---- Recorded information

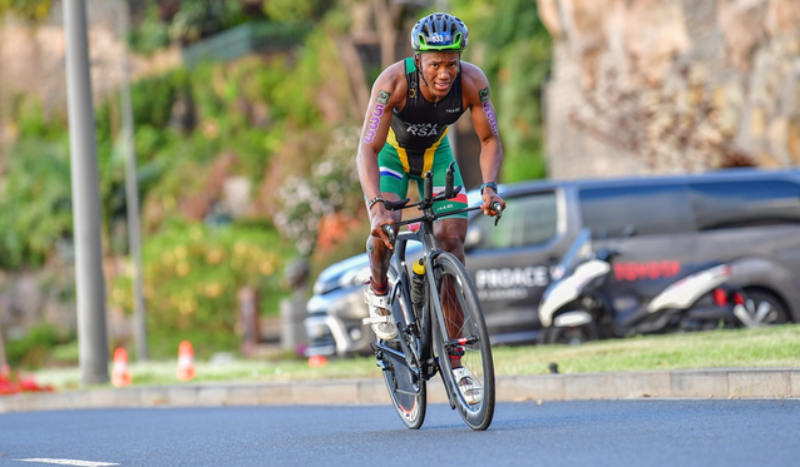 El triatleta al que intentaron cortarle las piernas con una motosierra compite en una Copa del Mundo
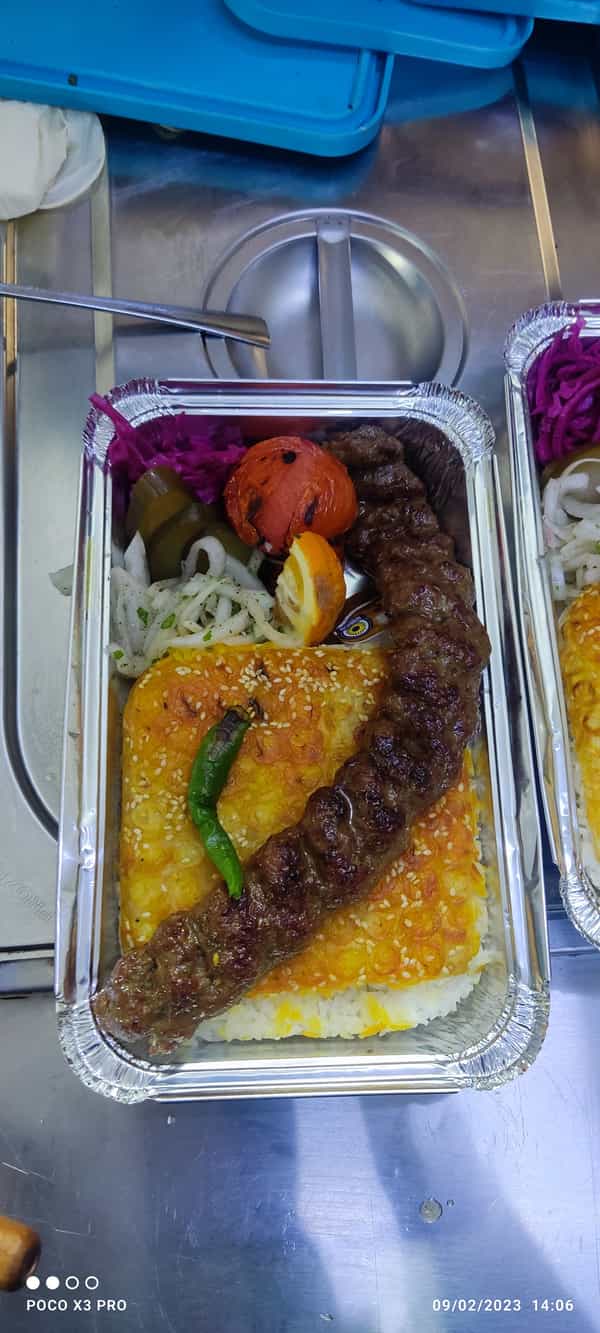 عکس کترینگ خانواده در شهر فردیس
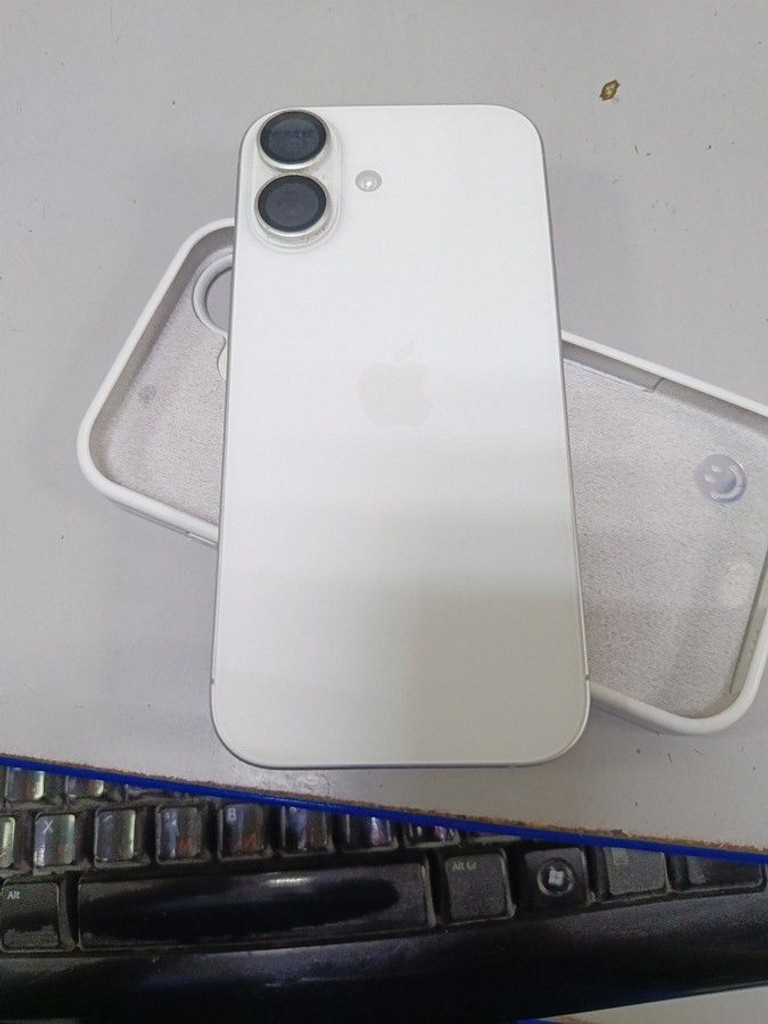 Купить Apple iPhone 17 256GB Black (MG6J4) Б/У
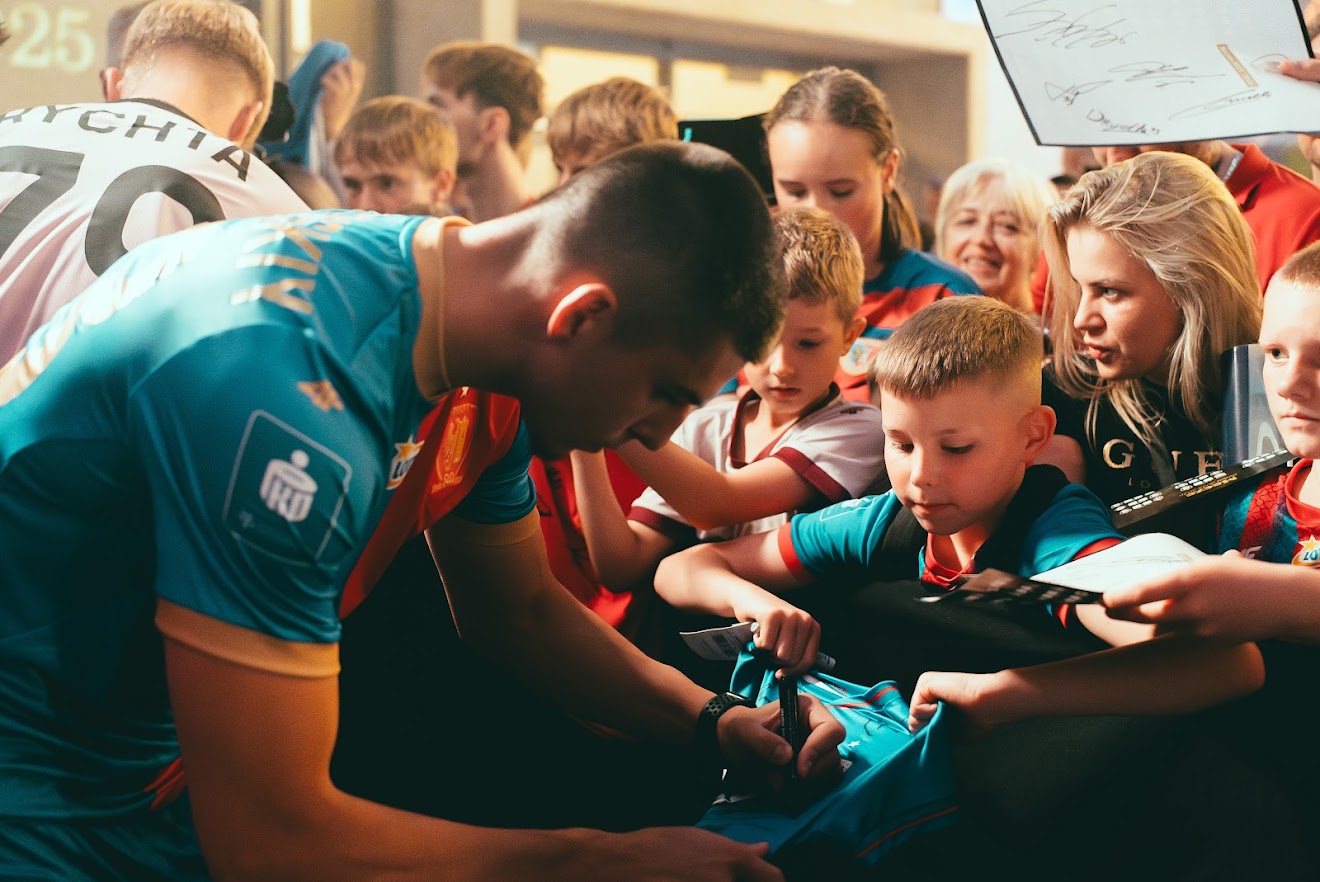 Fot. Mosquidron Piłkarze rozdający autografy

--------

Task instructions —
Line by line, return the listing above exactly, dropping every picture.

Your response —
 El triatleta al que intentaron cortarle las piernas con una motosierra compite en una Copa del Mundo
 عکس کترینگ خانواده در شهر فردیس
 Купить Apple iPhone 17 256GB Black (MG6J4) Б/У
 Fot. Mosquidron Piłkarze rozdający autografy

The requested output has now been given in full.